Suite à la présence éventuelle de salmonelles, la Société ELIVIA procède au rappel de la vente des produits suivants :
Nature des produits : STEAKS HACHES BIO
Marque : La viande Bio
Dénomination de vente : STEAKS HACHES BIO 15% DE MATIERES GRASSES CONDITIONNES SOUS VIDE
Numéro de lot : B25891000
Date limite de consommation : 27 / 09 /2014
Estampille sanitaire ovale : FR 38.051.001 CE
Par mesure de précaution il est donc demandé aux personnes qui détiendraient ces produits de ne pas les consommer et de les rapporter au point de vente.

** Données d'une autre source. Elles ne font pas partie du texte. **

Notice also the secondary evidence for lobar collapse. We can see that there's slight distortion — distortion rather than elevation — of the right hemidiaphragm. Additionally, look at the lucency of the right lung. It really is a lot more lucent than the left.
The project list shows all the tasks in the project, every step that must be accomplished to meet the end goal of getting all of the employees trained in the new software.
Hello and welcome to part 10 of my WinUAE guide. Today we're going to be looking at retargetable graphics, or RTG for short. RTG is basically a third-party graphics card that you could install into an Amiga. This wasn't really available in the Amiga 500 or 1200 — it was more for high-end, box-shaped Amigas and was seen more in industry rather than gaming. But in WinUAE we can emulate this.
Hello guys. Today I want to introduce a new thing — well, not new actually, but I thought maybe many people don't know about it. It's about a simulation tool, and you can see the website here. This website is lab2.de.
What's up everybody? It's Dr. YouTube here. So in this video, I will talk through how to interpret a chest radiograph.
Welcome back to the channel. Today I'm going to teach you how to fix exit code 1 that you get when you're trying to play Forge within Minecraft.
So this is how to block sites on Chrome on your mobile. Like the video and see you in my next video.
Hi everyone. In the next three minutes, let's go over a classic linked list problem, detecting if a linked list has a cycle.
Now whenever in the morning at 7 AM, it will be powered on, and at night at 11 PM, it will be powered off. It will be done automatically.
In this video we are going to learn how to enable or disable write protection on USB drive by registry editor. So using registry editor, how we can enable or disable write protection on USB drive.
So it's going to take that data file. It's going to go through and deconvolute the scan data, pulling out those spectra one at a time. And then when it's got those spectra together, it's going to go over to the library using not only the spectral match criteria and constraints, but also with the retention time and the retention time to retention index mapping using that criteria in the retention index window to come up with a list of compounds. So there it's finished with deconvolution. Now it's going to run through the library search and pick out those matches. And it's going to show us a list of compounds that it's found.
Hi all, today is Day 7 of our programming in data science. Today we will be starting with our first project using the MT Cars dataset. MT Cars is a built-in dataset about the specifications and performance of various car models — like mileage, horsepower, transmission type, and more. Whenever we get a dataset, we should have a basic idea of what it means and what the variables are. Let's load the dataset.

NB : Quand va-t-on cesser de parler de présence éventuelle ?

Dans sa communication bien faite, ELIVIA traite du sujet de Viande hachée sous surveillance.

« Steaks hachés et viande tartare sont des produits sensibles. Chez Elivia, nous avons été les premiers à réaliser des steaks hachés frais intégrant des analyses systématiques conditionnant leur commercialisation. Le mode nécessite donc davantage d’attention et de contrôle pour garantir leur qualité sanitaire. »

L’entreprise y parle aussi de la maîtrise du risque E. coli et décrit les mesures qu’elle a mis en place, mais il ne faudrait pas oublier … Salmonella !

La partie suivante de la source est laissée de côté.